If the proposed changes developed by this advisory group are eventually adopted by the government, an additional layer of oversight would apply to any research that “may reasonably be expected” to enhance the transmission or virulence of a pathogen in a way that could make it a threat to public health. . That means more experiments with more viruses would get a closer look.

“What this new recommendation says is that even if you start with a virus that has no potential to cause an epidemic or pandemic, if you do research that will change that virus in a way that it could now become an uncontrollable disease. cause, or widespread disease, to be reviewed by this new framework,” says Inglesby.
In addition, the Advisory Group noted that “greater transparency in the review process is needed to build public confidence in the review and oversight processes.”

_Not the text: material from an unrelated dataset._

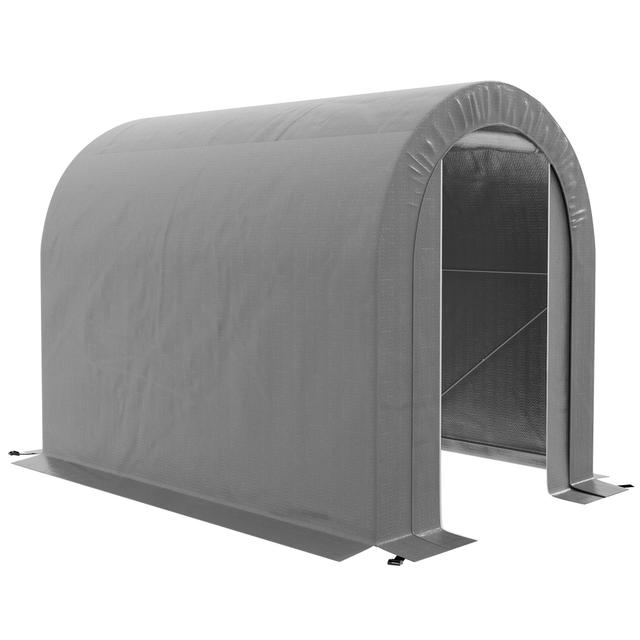 TEMU Outsunny Abri de jardin tente de rangement extérieur abri de vélo garage pour vélo bâche en PE cadre en métal galvanisé dim. 2, 4 x 1, 6 x 1, 9 m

What is ‘reasonably expected’
The American Society for Microbiology responded positively, saying, “We are urging rapid implementation of the recommended changes by the federal agencies involved in this work.”
But some virologists think the devil is in the details if these recommendations turn into policy.
“They keep using this phrase ‘reasonably expected’,” says Imperiale. “How will that be interpreted? Will there be clear guidance on what is meant by that?”

Researchers often don’t know what will happen when they embark on an experiment, Goodrum says, especially when the science leads the charge.
“That’s where the great scientific progress comes from. And so to tie our hands behind our backs, to say we can only do the science that we can anticipate, then we’re really limiting innovative science,” she says.
Ron Fouchier, the virologist at Erasmus University Medical Center in the Netherlands whose lab did the avian flu experiments more than a decade ago, said in an email that he had hoped the experience of living through a pandemic would simulate more research, not “redundant”. delay or limit.”
He said it appears that many infectious disease researchers in the United States will experience “significant delays in their critical research efforts, if they can continue that research at all.”
The US is unusual in that there is a lot of public discussion about these issues and there is a system in place to manage the risks, Inglesby says.
He thinks supervision can be made stronger without getting in the way of science.
“I am eagerly, absolutely pro-science and pro-research, and especially pro-infectious disease research,” says Inglesby.
But he says there’s a very small part of that research “where there’s a potential for very high risks if something goes wrong, by accident or on purpose. And so we have to strike the right balance between the risks that could arise and the potential benefits.”